Rounded Rectangle: Fenland Orchid Society




September Monthly Meeting.

We had Mike Armstrong here this month giving us a slide show on Cattleyas, we were the last to see this as a slide show as he is going over to digital and will be doing it all through the projector and computer.  He used to do a lot of travelling but now he is happy to stay at home and have more time for his greenhouses. He has lots of different types of Cattleyas which we were shown, mostly all bold and beautiful.

He said he has been experimenting with changes on how he grows the

orchids and is being more successful with them, especially the harder ones. Light plays a very important part in growing Cattleyas they need plenty of it along with lots of watering and they don’t need too much heat. He went on to say that the Bifoliates are the hardest to grow. There are two types of Cattleya an Unifoliates and Bifoliates, the Unifoliates has a single leaf on top of the psuedobulbs and a few blooms on the flower spike. The Bifoliates have two leaves on top of the psuedobulbs and may grow taller but has smaller flowers than the Unifoliates  

The Cattleyas do not like to be moved about, after two to three years when you start to se them grow in the spring re-pot them. You may get a sheath come up just leave it even if it looks dead as it will flower from that sheath. When Mike pots them up he puts polystyrene chips in the base, sometimes charcoal, then bark with small amount of perlite. Mike’s most favourite Cattleya is the Skinnerii the emphasis on this was enormous.

Mike’s greenhouse gets to 15-20 on a daytime temperature controls he has in place, it did go wrong so he went and brought another one all fine again.

The orchids get fed in small amounts nearly all the time he does water a lot as they do better with more water. Mike has a schroderae has a lovely fragrance has to grow his in a dustbin as it has got very large.  You need to water and feed your Cattleyas well during the summer months ands ease off during winter, they will go dormant for a while but  as soon as the plant starts to show growth water again. Also the sheath that form down the stem take them off to stop any mealy bugs or scale making their home there. Will be a hard job to get rid of them otherwise.

Cattleya Bow Bells is unique in this country so Mike said., and if any body has any he would like to know, as he wants to start a collection up of them, he is being sponsored by the young foundation at Jersey.

  Shirley Simmonds was our show table winner this month with her Cattleya Fireball Flame a beautiful plant. Mike had a look at it and told everybody  Shirley as well that to get straight flowers on the stems bind the stems with wire until they produce their flowers then carefully take off the wire, they will stay in that position, it makes a better showing of them.

It was a really good evening with a talk and a nice show of slides.  We also had a good show of members as well. Mike had also brought some sundries along with him to sell.



Leasingham Show

Roger and Robin attended the Leasingham Show with around thirty plants they had collected so they were able to make a good display table with them. The show was very good and had many people through the door.

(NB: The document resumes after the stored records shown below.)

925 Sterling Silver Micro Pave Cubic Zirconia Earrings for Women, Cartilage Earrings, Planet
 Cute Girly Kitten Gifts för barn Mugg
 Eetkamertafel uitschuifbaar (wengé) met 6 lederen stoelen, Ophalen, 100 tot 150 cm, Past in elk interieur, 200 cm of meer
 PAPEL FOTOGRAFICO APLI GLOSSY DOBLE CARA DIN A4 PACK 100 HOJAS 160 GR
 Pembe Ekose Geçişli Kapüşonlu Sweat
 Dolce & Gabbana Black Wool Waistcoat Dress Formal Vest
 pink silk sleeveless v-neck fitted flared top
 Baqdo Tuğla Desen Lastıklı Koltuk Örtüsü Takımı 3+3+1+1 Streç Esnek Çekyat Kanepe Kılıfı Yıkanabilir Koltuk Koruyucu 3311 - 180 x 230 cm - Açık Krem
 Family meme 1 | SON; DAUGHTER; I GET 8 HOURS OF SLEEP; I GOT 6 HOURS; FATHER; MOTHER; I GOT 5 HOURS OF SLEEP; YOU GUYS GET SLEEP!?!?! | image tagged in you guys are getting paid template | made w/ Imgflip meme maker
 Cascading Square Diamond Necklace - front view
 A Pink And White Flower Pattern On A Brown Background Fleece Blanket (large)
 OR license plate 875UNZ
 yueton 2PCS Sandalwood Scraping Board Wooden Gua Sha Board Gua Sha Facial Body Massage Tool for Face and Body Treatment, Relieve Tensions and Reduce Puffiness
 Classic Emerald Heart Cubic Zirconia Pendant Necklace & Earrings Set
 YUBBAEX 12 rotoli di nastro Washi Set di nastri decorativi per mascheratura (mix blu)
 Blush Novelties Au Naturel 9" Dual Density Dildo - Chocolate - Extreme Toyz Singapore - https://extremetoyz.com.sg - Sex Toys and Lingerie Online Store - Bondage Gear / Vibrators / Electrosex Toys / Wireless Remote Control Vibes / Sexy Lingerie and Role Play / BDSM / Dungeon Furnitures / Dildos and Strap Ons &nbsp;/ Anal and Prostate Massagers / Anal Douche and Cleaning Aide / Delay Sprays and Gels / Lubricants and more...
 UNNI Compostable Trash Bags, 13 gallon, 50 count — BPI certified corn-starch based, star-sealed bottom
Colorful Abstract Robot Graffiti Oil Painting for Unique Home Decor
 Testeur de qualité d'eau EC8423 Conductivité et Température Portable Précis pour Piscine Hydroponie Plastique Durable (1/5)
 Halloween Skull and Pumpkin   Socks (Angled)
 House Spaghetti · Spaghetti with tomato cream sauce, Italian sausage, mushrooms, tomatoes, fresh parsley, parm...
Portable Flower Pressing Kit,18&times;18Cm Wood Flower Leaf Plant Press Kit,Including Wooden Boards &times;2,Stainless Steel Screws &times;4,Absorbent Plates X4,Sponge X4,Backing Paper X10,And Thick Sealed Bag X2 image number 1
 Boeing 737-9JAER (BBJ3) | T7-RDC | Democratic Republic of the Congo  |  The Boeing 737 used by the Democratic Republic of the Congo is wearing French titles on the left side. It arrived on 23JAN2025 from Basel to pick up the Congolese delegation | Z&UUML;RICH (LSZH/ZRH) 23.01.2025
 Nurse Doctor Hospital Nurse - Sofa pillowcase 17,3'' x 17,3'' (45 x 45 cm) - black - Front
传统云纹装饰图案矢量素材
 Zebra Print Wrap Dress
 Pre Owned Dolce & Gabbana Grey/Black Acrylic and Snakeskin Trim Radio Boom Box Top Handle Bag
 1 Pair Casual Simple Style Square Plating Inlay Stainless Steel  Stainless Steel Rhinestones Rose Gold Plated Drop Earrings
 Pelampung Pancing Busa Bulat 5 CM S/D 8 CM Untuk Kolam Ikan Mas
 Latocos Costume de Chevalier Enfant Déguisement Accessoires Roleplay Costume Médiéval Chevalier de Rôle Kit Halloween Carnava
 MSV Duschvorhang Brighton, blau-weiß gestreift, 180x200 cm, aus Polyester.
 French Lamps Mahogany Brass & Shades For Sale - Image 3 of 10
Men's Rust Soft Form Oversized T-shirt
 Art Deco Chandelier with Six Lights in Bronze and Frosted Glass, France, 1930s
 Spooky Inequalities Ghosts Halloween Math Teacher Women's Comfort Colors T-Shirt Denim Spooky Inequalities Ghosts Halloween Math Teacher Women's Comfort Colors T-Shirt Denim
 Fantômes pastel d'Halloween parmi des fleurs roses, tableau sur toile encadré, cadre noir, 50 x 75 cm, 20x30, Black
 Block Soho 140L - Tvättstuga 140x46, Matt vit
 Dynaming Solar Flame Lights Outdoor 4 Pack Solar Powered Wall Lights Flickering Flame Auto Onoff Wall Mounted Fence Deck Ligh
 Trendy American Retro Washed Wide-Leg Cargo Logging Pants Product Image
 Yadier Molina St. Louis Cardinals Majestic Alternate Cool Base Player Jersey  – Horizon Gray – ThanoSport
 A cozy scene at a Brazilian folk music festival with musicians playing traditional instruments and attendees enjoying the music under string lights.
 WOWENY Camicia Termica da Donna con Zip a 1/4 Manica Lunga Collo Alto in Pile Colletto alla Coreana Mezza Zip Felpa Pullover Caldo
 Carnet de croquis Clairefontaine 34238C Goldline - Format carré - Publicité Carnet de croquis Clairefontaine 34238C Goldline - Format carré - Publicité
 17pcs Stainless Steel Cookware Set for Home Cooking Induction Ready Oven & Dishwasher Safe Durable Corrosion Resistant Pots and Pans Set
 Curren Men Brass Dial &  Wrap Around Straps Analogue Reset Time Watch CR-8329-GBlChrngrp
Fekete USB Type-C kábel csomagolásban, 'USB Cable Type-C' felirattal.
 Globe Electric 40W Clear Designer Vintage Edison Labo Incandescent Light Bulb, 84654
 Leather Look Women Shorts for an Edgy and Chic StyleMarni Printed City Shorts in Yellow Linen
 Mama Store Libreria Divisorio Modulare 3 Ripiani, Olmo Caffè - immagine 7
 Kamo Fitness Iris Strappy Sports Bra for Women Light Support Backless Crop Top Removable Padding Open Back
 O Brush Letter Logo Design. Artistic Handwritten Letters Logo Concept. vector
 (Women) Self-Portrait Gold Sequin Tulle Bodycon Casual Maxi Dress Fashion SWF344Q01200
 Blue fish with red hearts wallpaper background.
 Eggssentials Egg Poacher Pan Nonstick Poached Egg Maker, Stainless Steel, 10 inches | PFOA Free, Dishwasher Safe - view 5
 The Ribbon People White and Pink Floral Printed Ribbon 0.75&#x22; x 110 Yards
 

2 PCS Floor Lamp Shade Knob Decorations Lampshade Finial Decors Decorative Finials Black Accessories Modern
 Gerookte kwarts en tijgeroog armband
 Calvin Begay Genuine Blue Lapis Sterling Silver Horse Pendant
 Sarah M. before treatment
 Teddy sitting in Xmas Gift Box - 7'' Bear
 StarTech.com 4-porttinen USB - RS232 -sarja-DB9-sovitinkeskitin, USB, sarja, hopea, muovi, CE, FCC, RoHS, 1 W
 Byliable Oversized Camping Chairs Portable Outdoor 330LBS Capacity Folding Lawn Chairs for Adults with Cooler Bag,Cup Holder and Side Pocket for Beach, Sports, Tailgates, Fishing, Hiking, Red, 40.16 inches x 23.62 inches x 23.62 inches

Roger got Best Species on display also best species in show with his Coelogyne Massangeana.  Robin received award for Best Hybrid on display with his Phalaenopsis Hybrid white.  Well done Roger and Robin. They both had a very good day there. Thanks to those who gave plants for the table.



The October  meeting.

The speaker for the October meeting was Lawrence Hobbs, a long standing friend of the Society.   He commented on the current position with the Orchid world and on the closure of Orchid Nurseries and Orchid Societies within this country.   When he started his nursery business 28 years ago he said that  a Cites licence cost  £5.   This is now £74.and this expense is contributing to the problems faced by Orchid Nurseries and one reason for the recent closures.    The various name changes have helped because several species in the Vanda Alliance such as Ascocentrum and Neofinetia have now been renamed as Vanda's so they can now all come into the Country on the one licence.   Nevertheless it is now virtually impossible for a nursery to import species orchids economically.

Lawrence had been advised that some Garden Club members would be coming to the meeting and he accordingly came with re-potting equipment.    In the event no Garden Club members turned up for the meeting but nevertheless he demonstrated the re-potting of Phalaenopsis, Odontonglossums, Cypripediums, Cattleyas and Miltonias,  the  latter  of which he recommended re-potting twice a year.   Lawrence always emphasises that pots should be clean.   He generally cuts off all aerial roots and puts the remainder back in a new or clean pot usually of the same size.   Pot very firmly  using very chunky bark.   Odontoglossums and Miltonias should be potted when any new growths are a few inches high.

Lawrence recommends Vanda's as easy plants.   They can be grown in pots, baskets, vases or just hung up, and should be watered daily when the roots are in active growth   As usual Lawrence brought a good selection of plants for sale. It was an enjoyable meeting and in the absence of our Chairman Lawrence was duly thanked by Richard our Vice Chairman.